It’s my pleasure to join you today to talk about what I think are some of the most important policy areas politicians can seek to understand and get right. 

I can see from the day’s agenda that the themes you have been discussing have been wide ranging, and the speakers you have been listening to, and will be listening to after me, are all distinguished and knowledgeable on the individual subjects they have been addressing.

I am particularly sorry I cannot stay around after this session to listen to Alison Garnham and Naomi Eisenstadt – the latter’s recent book I couldn’t put down – as well as the speaker from Ofsted discussing the regulation of early years provision. 

I’m sure any childminders among you will be keen to hear any insights into the inner workings of Liz Truss’ mind, if indeed they are forthcoming, and whether the new Minister thinks you’ll be able to deliver the kind of quality support for young children that we have come to expect from all childcare professionals if you’ve got 5 toddlers to contend with at any one time.

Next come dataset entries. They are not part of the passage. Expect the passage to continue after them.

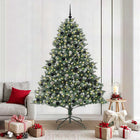 Artificial Christmas Tree with 300 LED Green 210 cm PVC and Plastic and Steel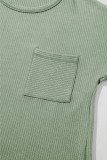 Clearly Aqua Solid Color Corded Drop Shoulder Long Sleeve Top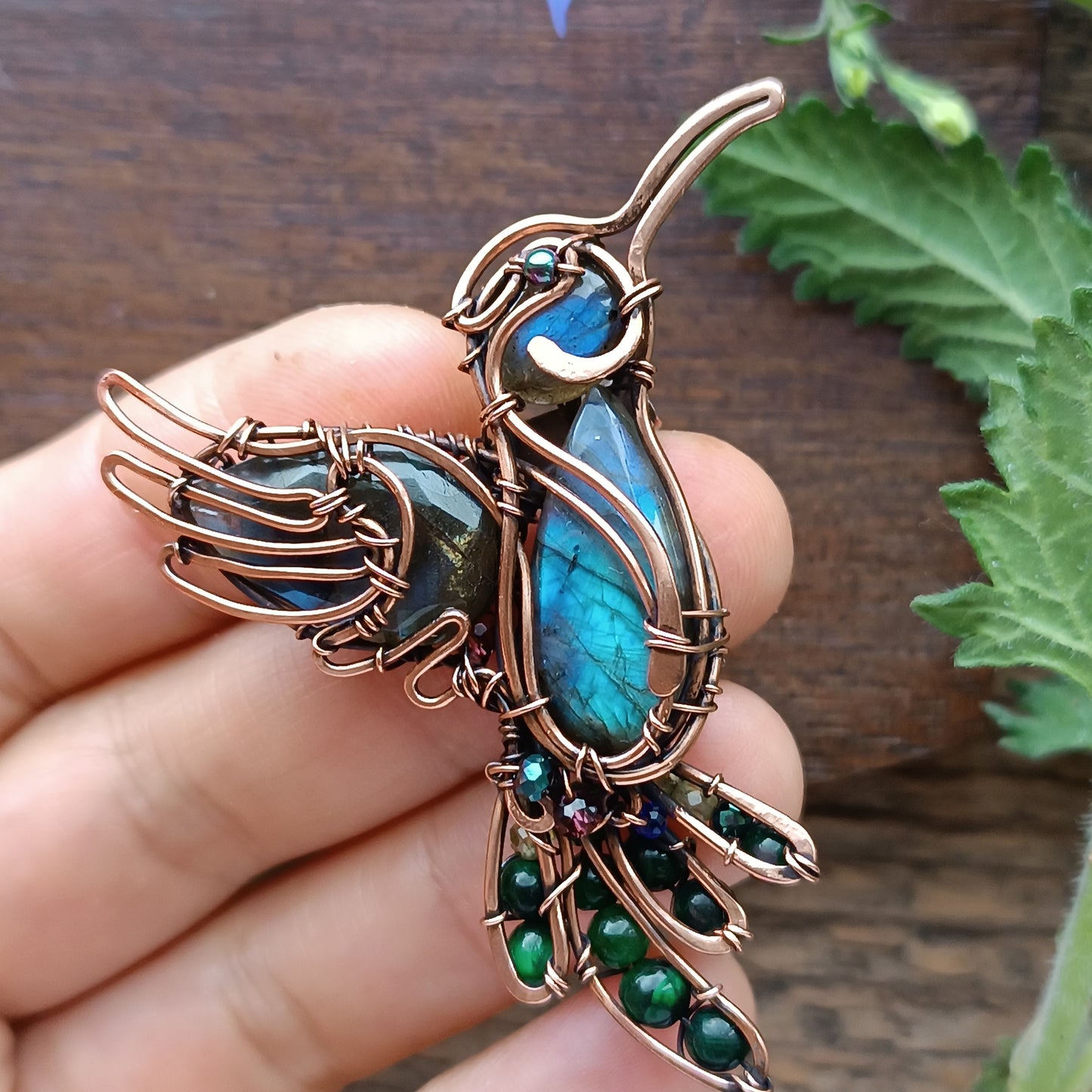 Blue and green hummingbird pin/brooch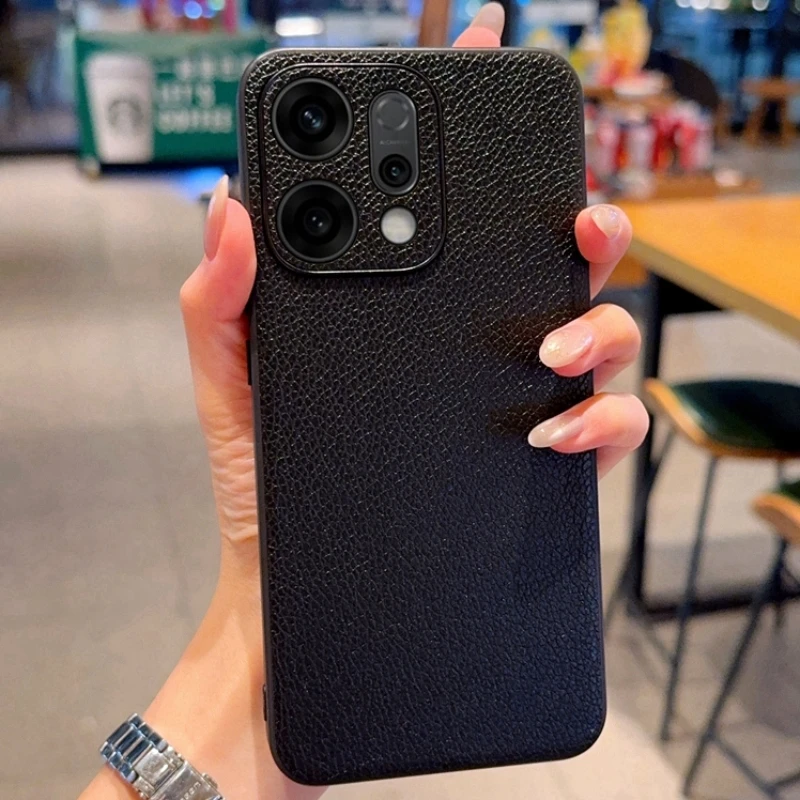 

Case For OPPO Reno 14 Pro Matte Luxury Lychee Texture PU Leather Skin Friendly Phone Cover For OPPO Reno 14 Pro 5G Shell Bumper
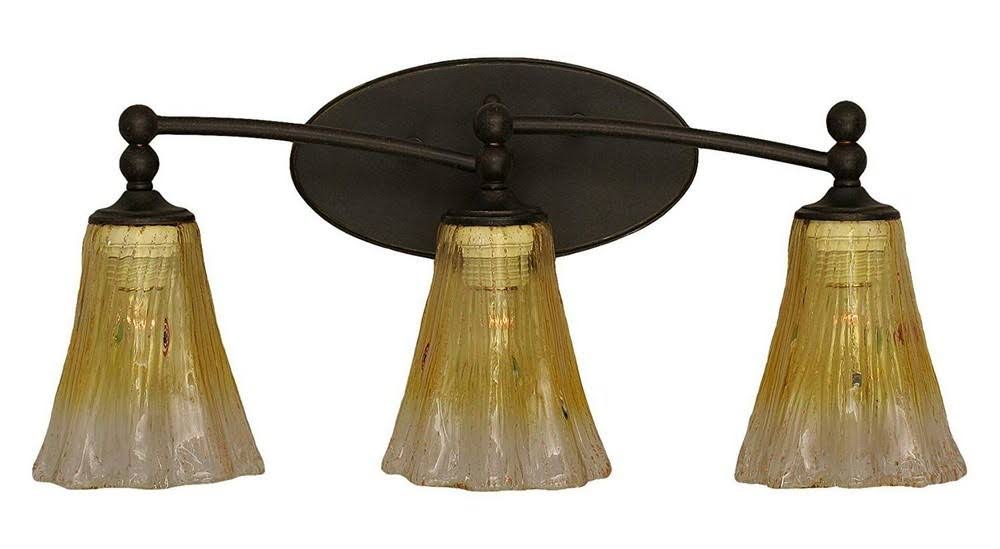 Three Light Bath Bar Dark Granite Finish with Gold Champagne Crystal Glass R89794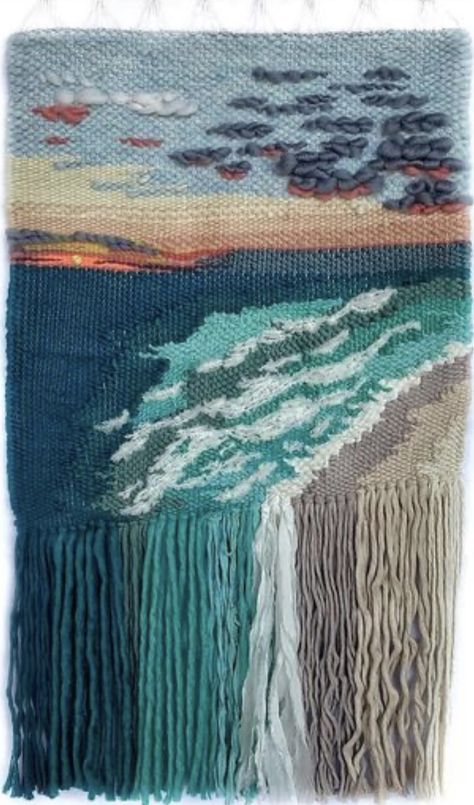 Ocean Weaving, Woven Tapestry Art, Weaving Wall Decor, Tapestry Loom Weaving, Simpul Makrame, Tapestry Loom, Weaving Loom Diy, Landscape Art Quilts, Weaving Loom Projects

I could speak at length on the children’s workforce, and the importance of tackling child poverty and health issues like obesity and malnutrition, but I’ve been asked to focus my contribution on improving services for children and young people particularly around early intervention. 

I think it’s important when we talk about what should happen, and what various agencies need to do, we need to start by asking: why are we talking about this?

Why is spending on children a priority at a time when the economy is stalled, police are being cut back, the DfE looking to sack half their workforce, and a million and one other programmes across government desperately in need of cash?

As much as it can be very frustrating at times, I’m quite realistic that there are a number of issues competing to be at the top of the political agenda, with the economy and public spending near the top.

But early intervention and prevention needn’t be distinct from those issues. 

In fact, for me and for Labour, I believe it should be central to building a sustainable and fair economy, and it should be central to how we make the most out of public funds – especially when there is less money around, as is likely to be the case for some time to come.

Those of us who take an interest in this area of policy will be familiar with the picture that Graham Allen used on the front of his second report – the cross sections of two 3 year old children’s brains.

One of those brains is of a normal, healthy, well-nurtured child. 

The other, which is significantly smaller and less developed, is from a child who has been subject to severe neglect.

The difference between the two is the best demonstration I have seen of just how important nurture and the first couple of years is in determining life chances, and how damaging neglect can be.

If we believe that improving the life chances of children and young people from all backgrounds is fundamental to the future of our country – which I do – then we need to look seriously at why that neglect occurs, and what we can do to tackle it. 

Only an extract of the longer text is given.